I have a code, which calculates the nearest voxel (which is unassigned) to a voxel ( which is assigned). That is i have an array of voxels, few voxels already have a scalar (1,2,3,4....etc) values assigned, and few voxels are empty (lets say a value of '0'). This code below finds the nearest assigned voxel to an unassigned voxel and assigns that voxel the same scalar. So, a voxel with a scalar '0' will be assigned a value (1 or 2 or 3,...) based on the nearest voxel. This code below works, but it takes too much time. Is there an alternative to this ? or if you have any feedback on how to improve it further?
""" #self.voxels is a 3D numpy array"""
def fill_empty_voxel1(self,argx, argy, argz):
""" where # argx, argy, argz are the voxel location where the voxel is zero"""
argx1, argy1, argz1 = np.where(self.voxels!=0) # find the non zero voxels
a = np.column_stack((argx1, argy1, argz1))
b = np.column_stack((argx, argy, argz))
tree = cKDTree(a, leafsize=a.shape[0]+1)
distances, ndx = tree.query(b, k=1, distance_upper_bound= self.mean) # self.mean is a mean radius search value
argx2, argy2, argz2 = a[ndx][:][:,0],a[ndx][:][:,1],a[ndx][:][:,2]
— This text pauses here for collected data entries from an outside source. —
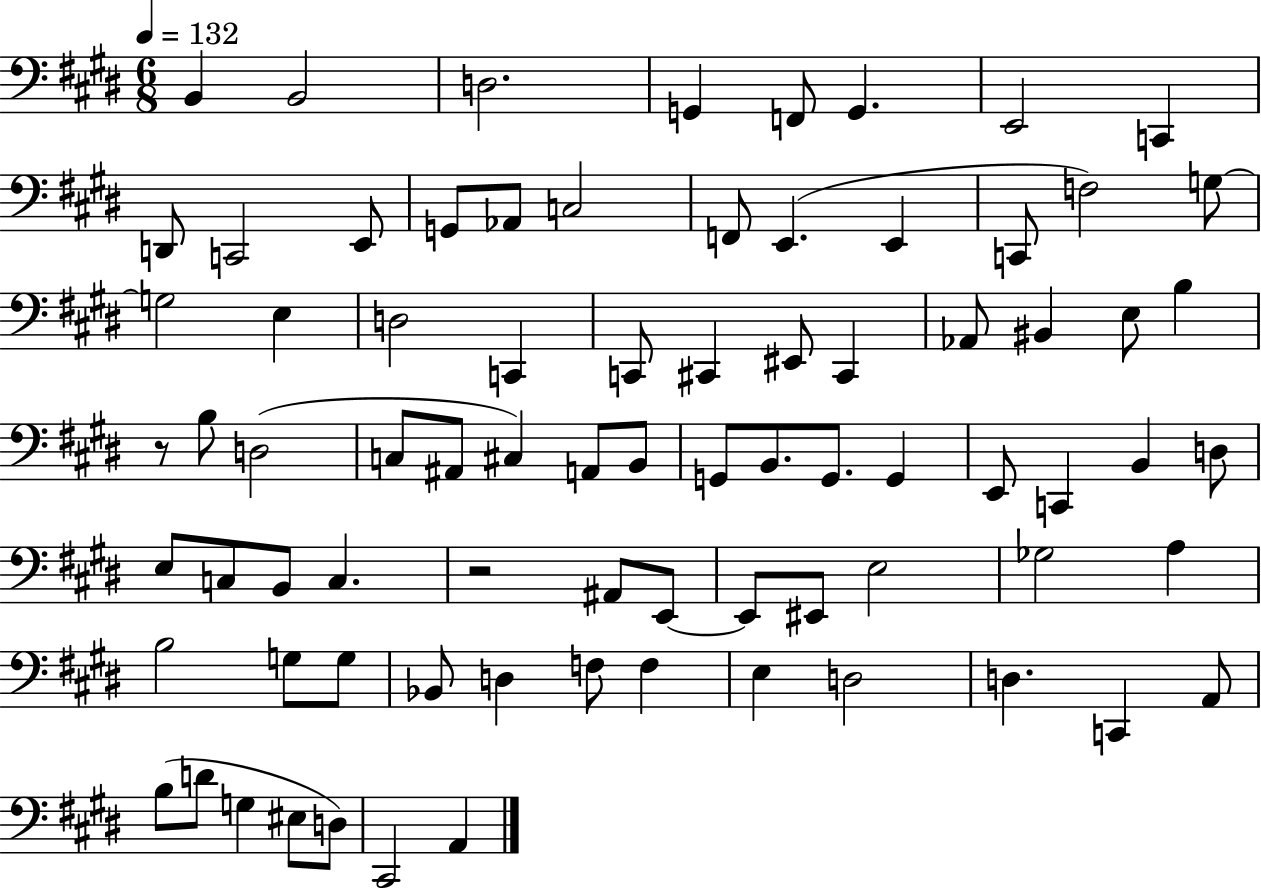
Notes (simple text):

B2/q B2/h D3/h. G2/q F2/e G2/q. E2/h C2/q D2/e C2/h E2/e G2/e Ab2/e C3/h F2/e E2/q. E2/q C2/e F3/h G3/e G3/h E3/q D3/h C2/q C2/e C#2/q EIS2/e C#2/q Ab2/e BIS2/q E3/e B3/q R/e B3/e D3/h C3/e A#2/e C#3/q A2/e B2/e G2/e B2/e. G2/e. G2/q E2/e C2/q B2/q D3/e E3/e C3/e B2/e C3/q. R/h A#2/e E2/e E2/e EIS2/e E3/h Gb3/h A3/q B3/h G3/e G3/e Bb2/e D3/q F3/e F3/q E3/q D3/h D3/q. C2/q A2/e B3/e D4/e G3/q EIS3/e D3/e C#2/h A2/q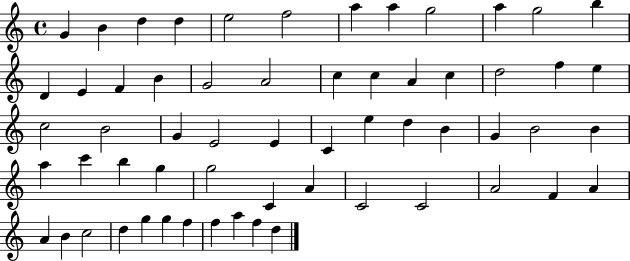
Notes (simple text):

G4/q B4/q D5/q D5/q E5/h F5/h A5/q A5/q G5/h A5/q G5/h B5/q D4/q E4/q F4/q B4/q G4/h A4/h C5/q C5/q A4/q C5/q D5/h F5/q E5/q C5/h B4/h G4/q E4/h E4/q C4/q E5/q D5/q B4/q G4/q B4/h B4/q A5/q C6/q B5/q G5/q G5/h C4/q A4/q C4/h C4/h A4/h F4/q A4/q A4/q B4/q C5/h D5/q G5/q G5/q F5/q F5/q A5/q F5/q D5/q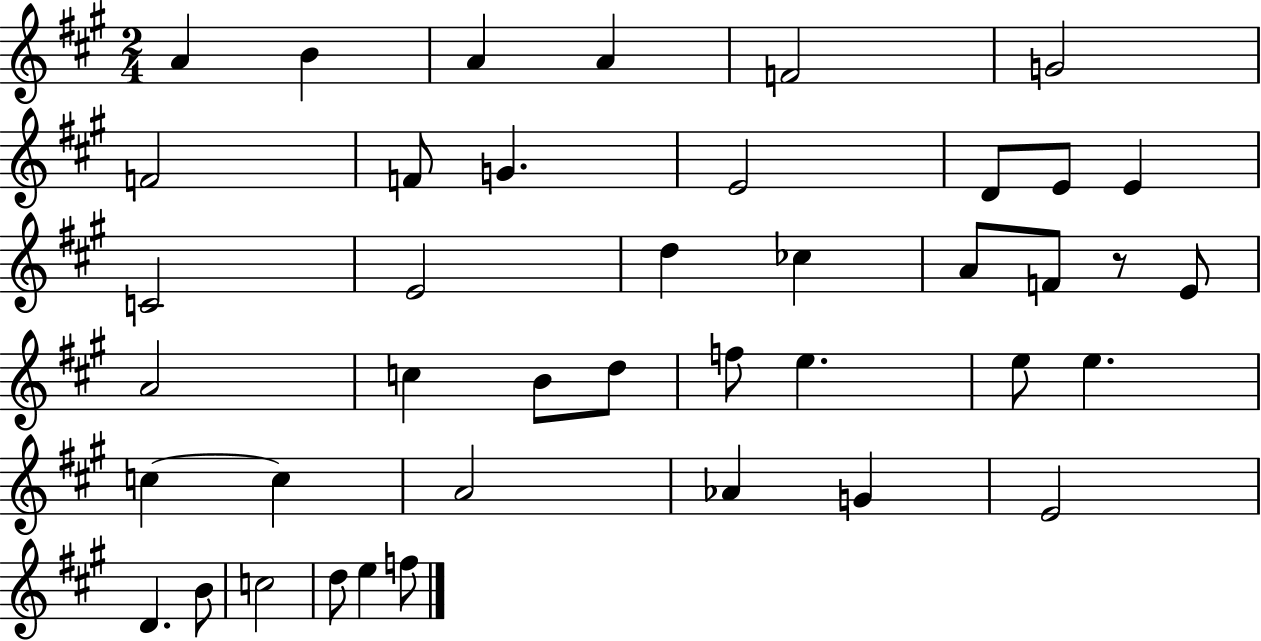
X:1
T:Untitled
M:2/4
L:1/4
K:A
A B A A F2 G2 F2 F/2 G E2 D/2 E/2 E C2 E2 d _c A/2 F/2 z/2 E/2 A2 c B/2 d/2 f/2 e e/2 e c c A2 _A G E2 D B/2 c2 d/2 e f/2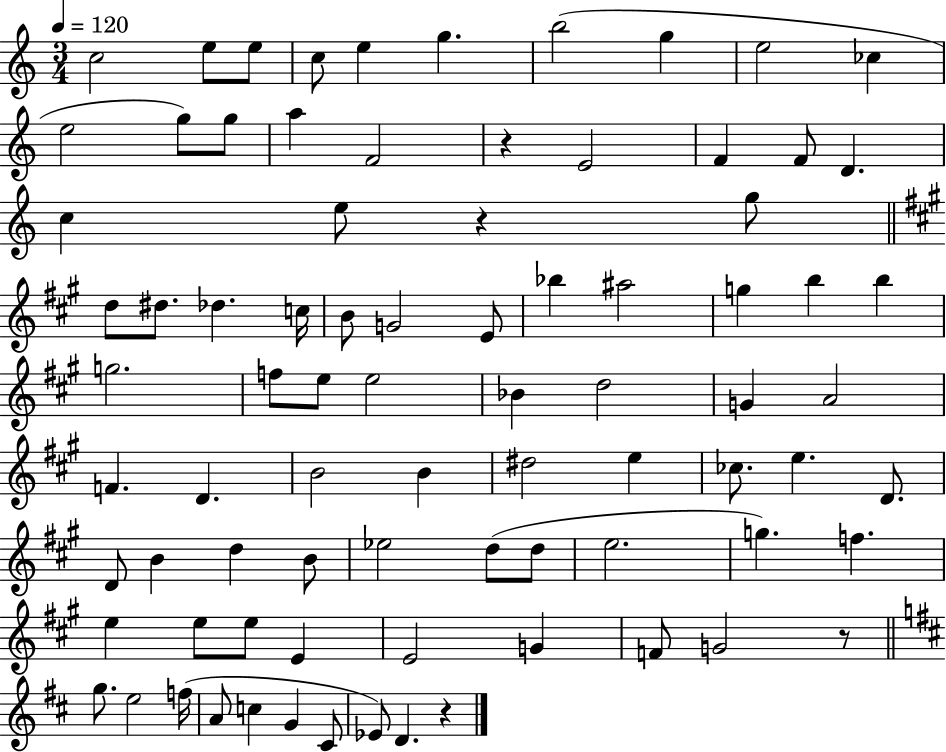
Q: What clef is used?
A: treble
self.voxels[argx,argy,argz] = self.voxels[argx2,argy2,argz2] # update the voxel array
Example
""" Here is a small example with small dataset:"""
import numpy as np
from scipy.spatial import cKDTree
import timeit
voxels = np.zeros((10,10,5), dtype=np.uint8)
voxels[1:2,:,:] = 5.
voxels[5:6,:,:] = 2.
voxels[:,3:4,:] = 1.
voxels[:,8:9,:] = 4.
argx, argy, argz = np.where(voxels==0)
tic=timeit.default_timer()
argx1, argy1, argz1 = np.where(voxels!=0) # non zero voxels
a = np.column_stack((argx1, argy1, argz1))
b = np.column_stack((argx, argy, argz))
tree = cKDTree(a, leafsize=a.shape[0]+1)
distances, ndx = tree.query(b, k=1, distance_upper_bound= 5.)
argx2, argy2, argz2 = a[ndx][:][:,0],a[ndx][:][:,1],a[ndx][:][:,2]
voxels[argx,argy,argz] = voxels[argx2,argy2,argz2]
toc=timeit.default_timer()
timetaken = toc - tic #elapsed time in seconds
print '\nTime to fill empty voxels', timetaken
for visualization:
from mayavi import mlab
data = voxels.astype('float')
scalar_field = mlab.pipeline.scalar_field(data)
iso_surf = mlab.pipeline.iso_surface(scalar_field)
surf = mlab.pipeline.surface(scalar_field)
vol = mlab.pipeline.volume(scalar_field,vmin=0,vmax=data.max())
mlab.outline()
mlab.show()
Now, if I have the dimension of the voxels array as something like (500,500,500), then the time it takes to compute the nearest search is no longer efficient. How can I overcome this? Could parallel computation reduce the time (I have no idea whether I can parallelize the code, if you do, please let me know)?
A potential fix:
I could substantially improve the computation time by adding the n_jobs = -1 parameter in the cKDTree query.
distances, ndx = tree.query(b, k=1, distance_upper_bound= 5., n_jobs=-1)
I was able to compute the distances in less than a hour for an array of (400,100,100) on a 13 core CPU. I tried with 1 processor and it takes around 18 hours to complete the same array. Thanks to @gsamaras for the answer!